DEPOK (02/06/2026) – Badan Pengawas Pemilu (Bawaslu) Kota Depok mengambil langkah progresif dalam mengamankan integritas kontestasi politik masa depan. Strategi ini diwujudkan melalui pelaksanaan agenda Pendidikan Pengawasan Partisipatif (P2P) yang secara khusus menyasar kelompok pemuda dari klaster generasi Z (Gen Z), baik yang berstatus pelajar maupun mahasiswa.

Edukasi politik taktis yang diikuti oleh 20 peserta terpilih ini digelar langsung di Kantor Sekretariat Bawaslu Depok, Kecamatan Beji, Selasa (02/06) kemarin. Melalui inkubasi ini, institusi pengawas pemilu membidik peningkatan indeks pengawasan komunal guna membentengi kualitas demokrasi di tingkat lokal.

Depok Jadi Pelopor Nasional Gerakan Pengawasan Pemuda

Pelaksana harian (Plh) Ketua Bawaslu Kota Depok, Andriansyah, mengonfirmasi bahwa Kota Depok mencatatkan diri sebagai yurisdiksi pertama di Indonesia yang menginisiasi dan mengeksekusi program P2P secara mandiri. Kelompok muda yang telah dibekali draf pengawasan ini diproyeksikan untuk menjadi penyambung lidah otoritas dalam memitigasi pelanggaran pemilu di tingkat akar rumput.

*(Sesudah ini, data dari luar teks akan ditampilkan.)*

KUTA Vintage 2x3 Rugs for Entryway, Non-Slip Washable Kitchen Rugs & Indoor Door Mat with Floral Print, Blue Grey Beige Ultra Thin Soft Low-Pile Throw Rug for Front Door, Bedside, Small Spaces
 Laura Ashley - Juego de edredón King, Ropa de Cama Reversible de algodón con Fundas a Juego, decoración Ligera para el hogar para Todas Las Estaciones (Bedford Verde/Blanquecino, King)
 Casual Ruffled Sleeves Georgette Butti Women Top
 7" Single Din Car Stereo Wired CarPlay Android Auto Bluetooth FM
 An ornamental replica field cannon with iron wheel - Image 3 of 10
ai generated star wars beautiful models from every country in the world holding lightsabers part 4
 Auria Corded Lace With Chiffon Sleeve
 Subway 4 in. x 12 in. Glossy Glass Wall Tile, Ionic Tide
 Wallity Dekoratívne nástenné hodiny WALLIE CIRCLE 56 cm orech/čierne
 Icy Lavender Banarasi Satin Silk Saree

“Kader pengawas partisipatif bentukan ini mengemban fungsi krusial sebagai jembatan formal antara Bawaslu dengan publik luas. Harapan besar kami, mereka mampu bertransformasi menjadi pionir sekaligus garda terdepan dalam menyosialisasikan draf tugas serta fungsi pengawasan kepemiluan,” jelas Andriansyah.

Aktivasi Daya Kritis Anak Muda Melawan Hoaks Pemilu 2029

Mengusung draf tema besar ‘Berfungsi dan Bergerak untuk Pemilu 2029 yang Bermartabat’, para peserta didorong untuk keluar dari sekadar peran konvensional sebagai pemilih pasif (voters). Gen Z dituntut mengambil peran strategis sebagai agen pengawas aktif yang mengawal seluruh jalannya tahapan pemilu.

Otoritas menilai penempatan Gen Z di garda depan sangat beralasan mengingat karakteristik mereka yang akrab dengan ekosistem digital.

Parameter Optimalisasi Peran Gen Z:

  • Eksploitasi Daya Kritis: Memanfaatkan nalar kritis anak muda yang dinilai jauh lebih aktif dan responsif terhadap perubahan sosial.

  • Mitigasi Kerawanan Digital: Menjadikan kelompok muda ini sebagai tameng utama untuk menangkal, menjaring, serta mencegah penyebaran disinformasi atau berita palsu (hoaks) yang berseliweran di media sosial selama masa pemilu.

Komitmen Perluasan Jaringan Pengawasan Kolaboratif

Andriansyah menegaskan bahwa draf proyek P2P ini tidak akan berhenti sebagai agenda seremonial satu kali selesai. Bawaslu Depok menjamin keberlanjutan program secara berkala guna menjangkau klaster komunitas yang lebih masif dan beragam demi membangun jejaring kerja pengawasan yang kolaboratif.

Hingga saat ini, program penguatan partisipasi publik tersebut telah sukses dieksekusi sebanyak dua kali di wilayah Kota Depok. Pada klaster pendaftaran sebelumnya, Bawaslu bahkan telah merangkul kelompok organisasi disabilitas, mempertegas draf komitmen inklusivitas lembaga untuk melibatkan seluruh elemen tanpa terkecuali dalam menjaga kedaulatan suara rakyat.